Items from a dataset
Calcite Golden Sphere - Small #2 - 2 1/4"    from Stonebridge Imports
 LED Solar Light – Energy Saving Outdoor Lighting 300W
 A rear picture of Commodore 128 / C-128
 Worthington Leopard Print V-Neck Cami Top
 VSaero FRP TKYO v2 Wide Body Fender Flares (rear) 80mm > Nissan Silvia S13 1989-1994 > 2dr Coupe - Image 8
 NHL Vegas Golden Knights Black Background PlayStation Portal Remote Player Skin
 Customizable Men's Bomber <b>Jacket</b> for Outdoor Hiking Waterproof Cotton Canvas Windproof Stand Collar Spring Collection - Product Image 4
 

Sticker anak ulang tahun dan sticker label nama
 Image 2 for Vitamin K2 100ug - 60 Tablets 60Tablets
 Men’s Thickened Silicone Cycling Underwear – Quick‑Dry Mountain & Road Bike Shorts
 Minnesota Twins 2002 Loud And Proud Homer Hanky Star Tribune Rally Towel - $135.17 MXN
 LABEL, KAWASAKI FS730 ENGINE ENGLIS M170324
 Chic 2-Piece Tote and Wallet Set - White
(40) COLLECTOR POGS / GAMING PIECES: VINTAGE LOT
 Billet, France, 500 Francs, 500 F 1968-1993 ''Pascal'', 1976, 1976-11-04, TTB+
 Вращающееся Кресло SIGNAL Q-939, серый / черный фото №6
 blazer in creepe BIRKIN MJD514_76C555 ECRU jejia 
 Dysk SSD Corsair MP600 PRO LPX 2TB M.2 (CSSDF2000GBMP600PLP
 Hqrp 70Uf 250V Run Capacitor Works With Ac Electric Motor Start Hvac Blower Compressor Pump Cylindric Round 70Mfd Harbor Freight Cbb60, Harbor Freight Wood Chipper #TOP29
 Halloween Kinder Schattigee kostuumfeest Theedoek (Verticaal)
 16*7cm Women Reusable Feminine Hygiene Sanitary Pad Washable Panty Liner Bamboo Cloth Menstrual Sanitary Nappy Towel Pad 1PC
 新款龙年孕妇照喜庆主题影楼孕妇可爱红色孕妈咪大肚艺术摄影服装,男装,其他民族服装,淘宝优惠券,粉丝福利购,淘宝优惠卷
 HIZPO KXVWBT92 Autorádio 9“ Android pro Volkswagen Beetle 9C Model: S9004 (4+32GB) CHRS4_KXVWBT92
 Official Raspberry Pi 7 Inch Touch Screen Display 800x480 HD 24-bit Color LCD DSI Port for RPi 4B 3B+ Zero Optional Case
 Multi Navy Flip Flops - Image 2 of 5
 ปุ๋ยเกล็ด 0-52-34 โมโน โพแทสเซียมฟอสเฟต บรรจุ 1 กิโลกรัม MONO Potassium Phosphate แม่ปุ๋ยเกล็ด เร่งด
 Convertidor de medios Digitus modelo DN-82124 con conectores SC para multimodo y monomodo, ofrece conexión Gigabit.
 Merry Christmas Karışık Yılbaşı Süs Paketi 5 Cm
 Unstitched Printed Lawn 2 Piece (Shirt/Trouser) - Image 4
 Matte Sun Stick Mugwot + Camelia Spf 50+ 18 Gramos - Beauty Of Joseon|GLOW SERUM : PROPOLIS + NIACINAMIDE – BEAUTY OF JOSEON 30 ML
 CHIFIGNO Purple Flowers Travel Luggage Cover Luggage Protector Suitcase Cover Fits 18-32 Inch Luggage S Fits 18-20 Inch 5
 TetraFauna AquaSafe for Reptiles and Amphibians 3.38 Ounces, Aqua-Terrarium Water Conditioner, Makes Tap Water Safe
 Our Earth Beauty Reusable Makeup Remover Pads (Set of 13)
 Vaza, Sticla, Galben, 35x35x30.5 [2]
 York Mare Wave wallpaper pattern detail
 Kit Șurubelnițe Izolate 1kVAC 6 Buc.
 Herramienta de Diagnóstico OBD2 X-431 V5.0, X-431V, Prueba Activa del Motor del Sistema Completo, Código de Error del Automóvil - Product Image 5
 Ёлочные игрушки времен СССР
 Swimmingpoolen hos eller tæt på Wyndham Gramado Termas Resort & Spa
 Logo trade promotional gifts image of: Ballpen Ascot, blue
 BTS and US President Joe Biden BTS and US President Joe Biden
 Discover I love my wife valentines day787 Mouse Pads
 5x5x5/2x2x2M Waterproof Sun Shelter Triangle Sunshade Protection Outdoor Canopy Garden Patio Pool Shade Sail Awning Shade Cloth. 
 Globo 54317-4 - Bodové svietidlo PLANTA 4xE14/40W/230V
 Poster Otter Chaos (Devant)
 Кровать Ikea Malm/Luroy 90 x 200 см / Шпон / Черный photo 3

Your task: Give back the records above exactly, limited to the lines between the one holding "(40) COLLECTOR POGS" and the one holding "Dysk SSD Corsair", inclusive.

Solution to this task:
(40) COLLECTOR POGS / GAMING PIECES: VINTAGE LOT
 Billet, France, 500 Francs, 500 F 1968-1993 ''Pascal'', 1976, 1976-11-04, TTB+
 Вращающееся Кресло SIGNAL Q-939, серый / черный фото №6
 blazer in creepe BIRKIN MJD514_76C555 ECRU jejia 
 Dysk SSD Corsair MP600 PRO LPX 2TB M.2 (CSSDF2000GBMP600PLP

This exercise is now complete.